Die Geschehnisse auf und neben dem Eis rund um das siebte Spiel des letztjährigen Playoff-Finals zwischen Genf und Biel reichen zwar nicht unbedingt aus, um es mit dem Prädikat «aussergewöhnlich» auszustatten. Der Titel der Genfer hat aber eine starke Symbolwirkung – zum ersten Mal seit Einführung der Playoffs geht der Titel in die Westschweiz und zum ersten Mal seit Luganos Titel im Jahr 2006 sprechen die Meisterhelden nicht Deutsch.
Seit Lausanne 2013 in die höchste Spielklasse aufgestiegen ist, sind die Westschweiz mit drei und das Tessin mit zwei Vereinen in der National League zwar gut vertreten, zu einem Titel reicht es den sprachlichen Aussenseitern – abgesehen von Lugano – dennoch nie.

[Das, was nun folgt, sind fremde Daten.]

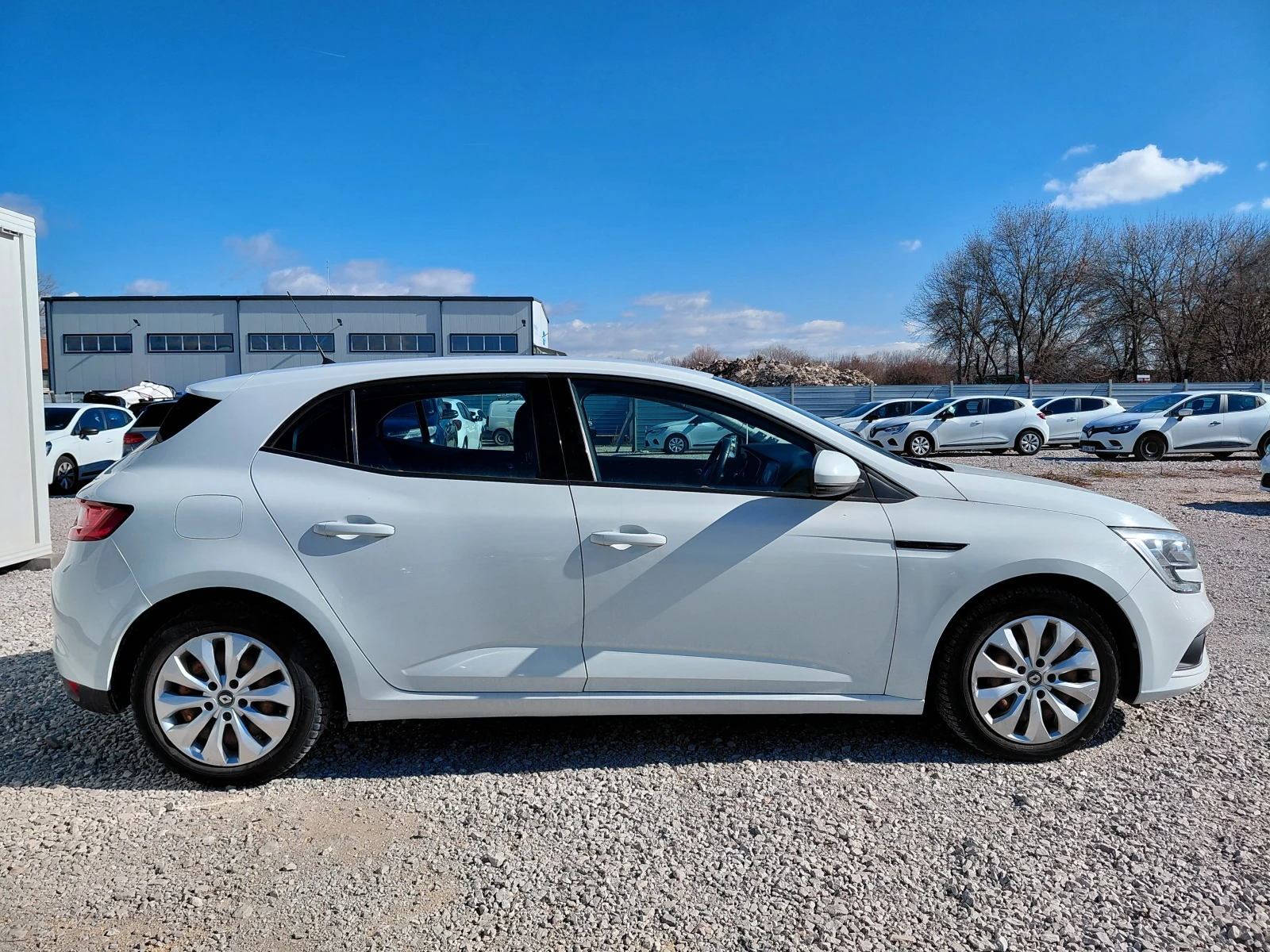 Renault Megane 1.5 dCi/95к.с/Life - изображение 4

Servette, das bereits die Qualifikation dominiert hatte, beendet mit dem Meistertitel also gewissermassen eine Durststrecke der Randregionen. Biel ergibt sich jedoch nicht kampflos – nachdem die Seeländer im fünften Spiel von den Genfern regelrecht an die Wand gespielt wurden und mit 1:7 untergingen, bäumten sie sich noch einmal auf und erzwangen einen Showdown.
Baumeister des Genfer Siegs im siebten Spiel sind neben dem Kanadier Daniel Winnik, der zum zwischenzeitlichen 3:0 trifft, die finnischen Söldner Sami Vatanen und Teemu Hartikainen, die im Vorjahr mit ihrem Heimatland Olympia-Gold und den WM-Titel geholt hatten. Vatanen trifft zwei Mal, Hartikainen netzt zum entscheidenden 4:1 ein.
Chris McSorley, der als Sportdirektor und Mitbesitzer seit 2001 daran gearbeitet hatte, die Genfer zu einem Meisterkandidaten zu formen, kann den Titel nur noch aus der Ferne mitverfolgen.